> About this task: Whatever precedes the line containing "H666 A6 Loose-leaf" is not copied; that line and every line after it through the final one below are copied exactly, except pictures.
Extracted material START
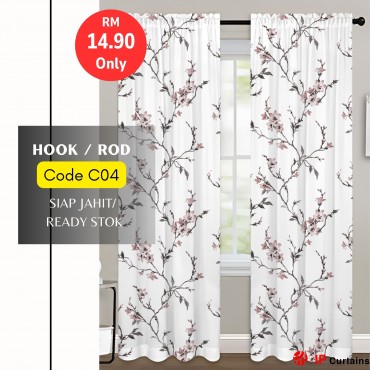 C04 Flora Semi-Blackout Curtains 140x220cm | 2-in-1 Hook & Rod | Door, Window Ready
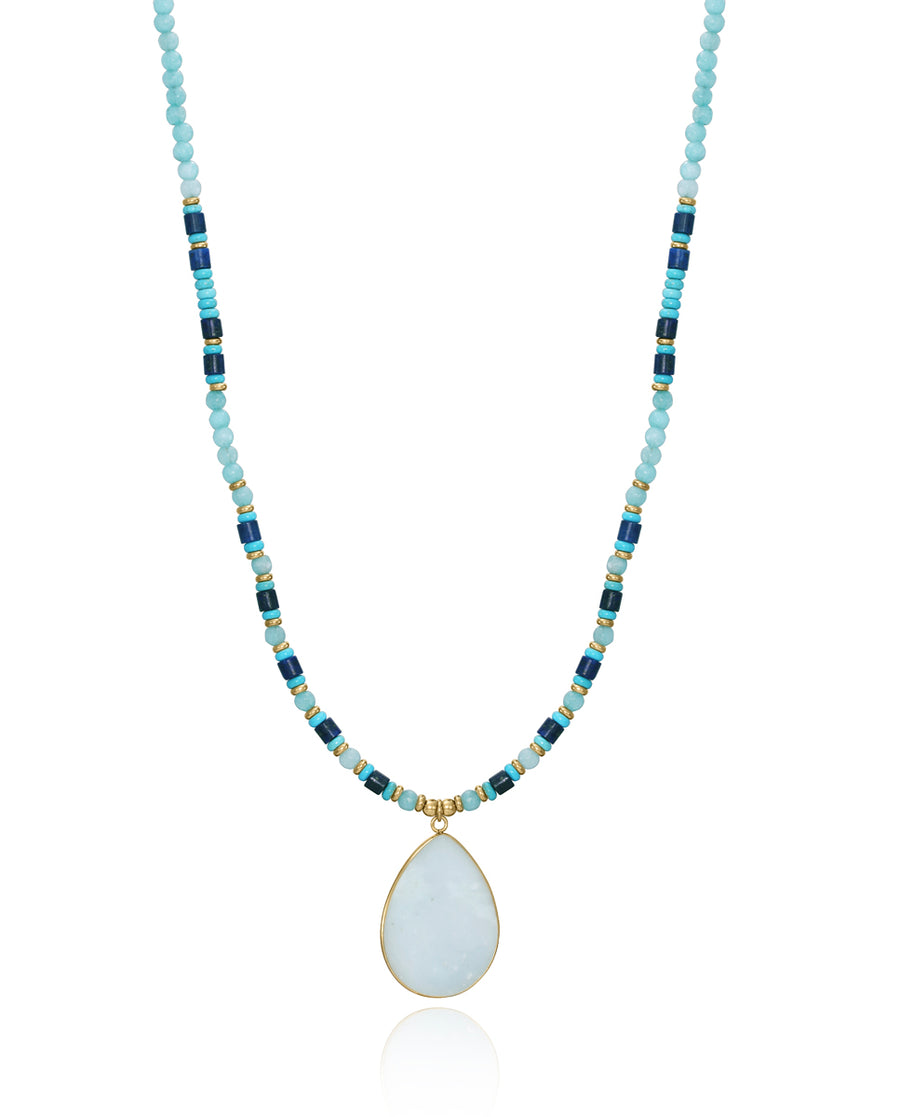 Collar Acero Ip Dorado Piedras Sra Fn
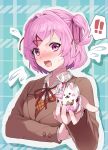  1girl absurdres angry animal-themed_food aqua_background arm_under_breasts blazer blush bob_cut bow bowtie breasts brown_jacket brown_sweater_vest collared_shirt commentary cropped_torso cupcake doki_doki_literature_club dress_shirt embarrassed english_commentary fang flying_sweatdrops food hair_ornament hair_ribbon highres incoming_food jacket looking_at_viewer name_tag natsuki_(doki_doki_literature_club) neck_ribbon nose_blush outline pink_eyes pink_hair plaid plaid_background reaching reaching_towards_viewer red_bow red_bowtie red_ribbon ribbon school_uniform shirt short_hair small_breasts sweat sweater_vest swept_bangs tsundere two_side_up upper_body v-shaped_eyebrows white_outline white_shirt x_hair_ornament xantam0129 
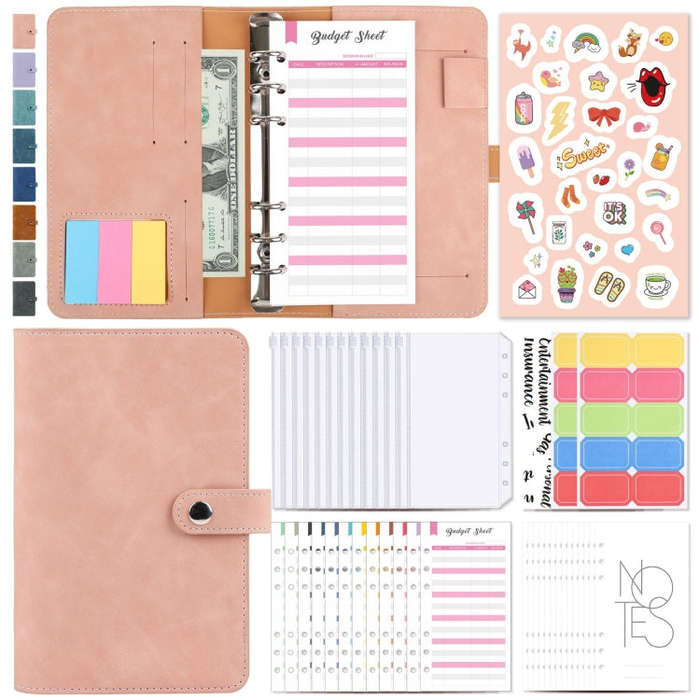 H666 A6 Loose-leaf Binder Cash Budget Handbook Vintage PU Leather Notebook with Window, H666 Taro...
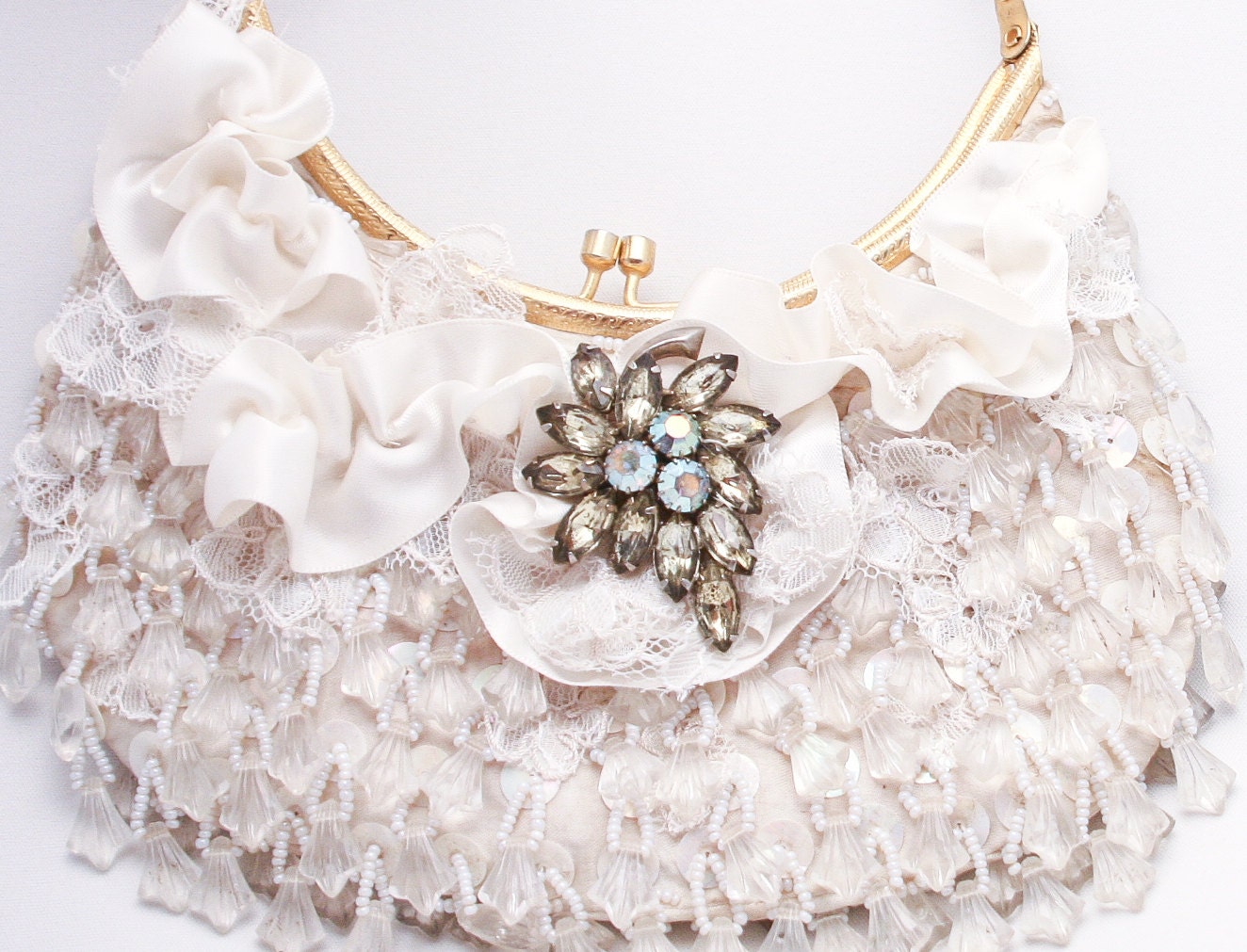 Up-cycled ivory Beaded Vintage Purse, wedding clutch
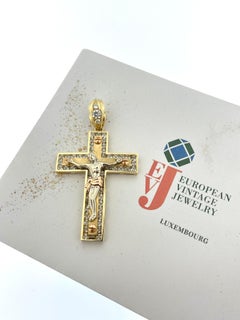 Vintage Italian 14 karat Yellow, White and Rose Gold Crucifix with Zircons
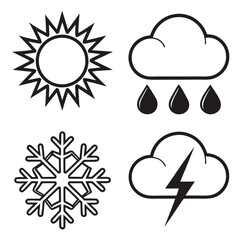 Fototapeta premium Set of monochrome weather icons with sun clouds rain thunder and snowflakes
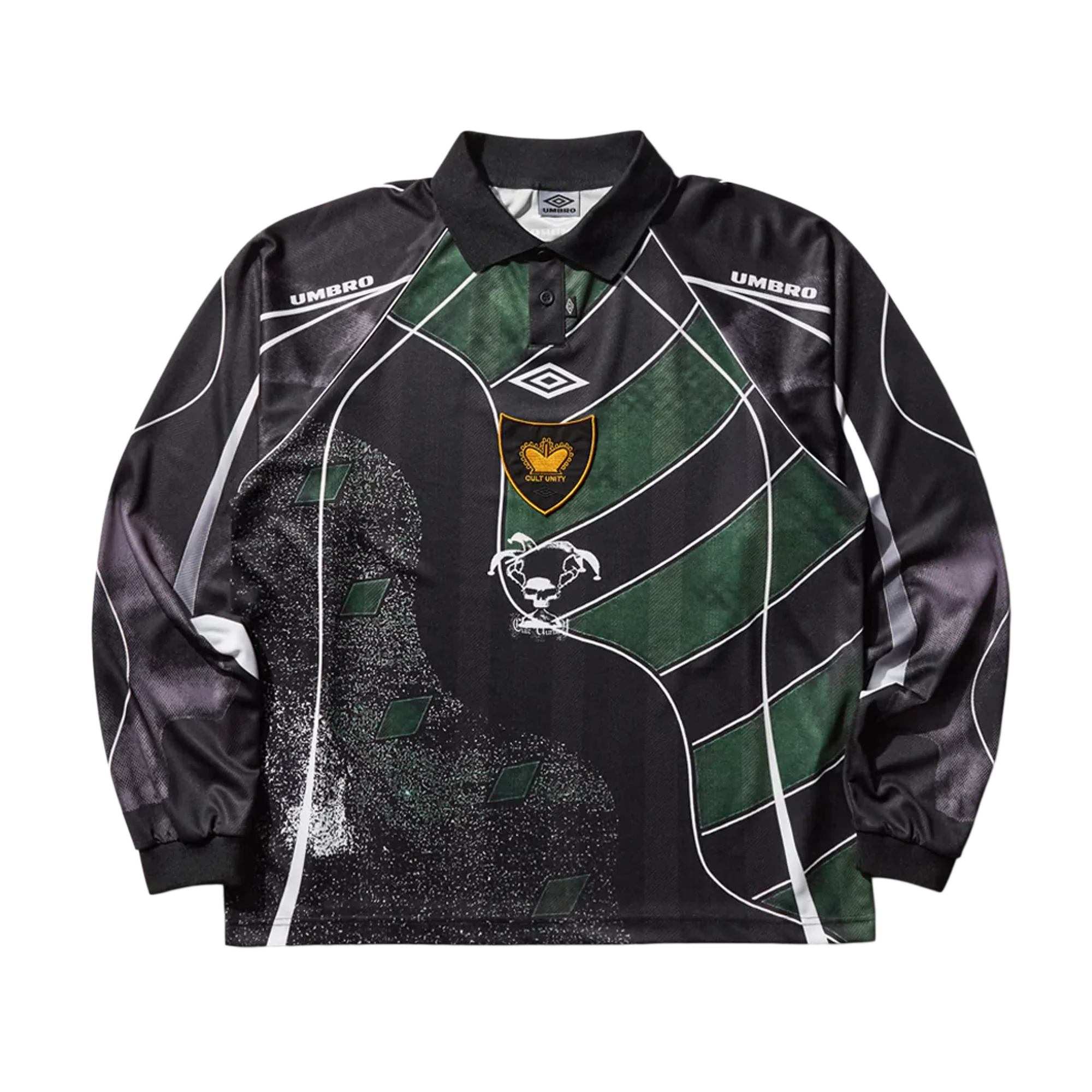 Umbro 95 96 Long Sleeve Polo Dark Green Black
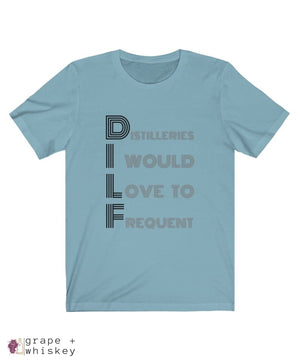 DILF Short Sleeve T-shirt - Baby Blue / 2XL - Grape and Whiskey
Extracted material END
> Exercise result:
 H666 A6 Loose-leaf Binder Cash Budget Handbook Vintage PU Leather Notebook with Window, H666 Taro...
 Up-cycled ivory Beaded Vintage Purse, wedding clutch
 Vintage Italian 14 karat Yellow, White and Rose Gold Crucifix with Zircons
 Fototapeta premium Set of monochrome weather icons with sun clouds rain thunder and snowflakes
 Umbro 95 96 Long Sleeve Polo Dark Green Black
 DILF Short Sleeve T-shirt - Baby Blue / 2XL - Grape and Whiskey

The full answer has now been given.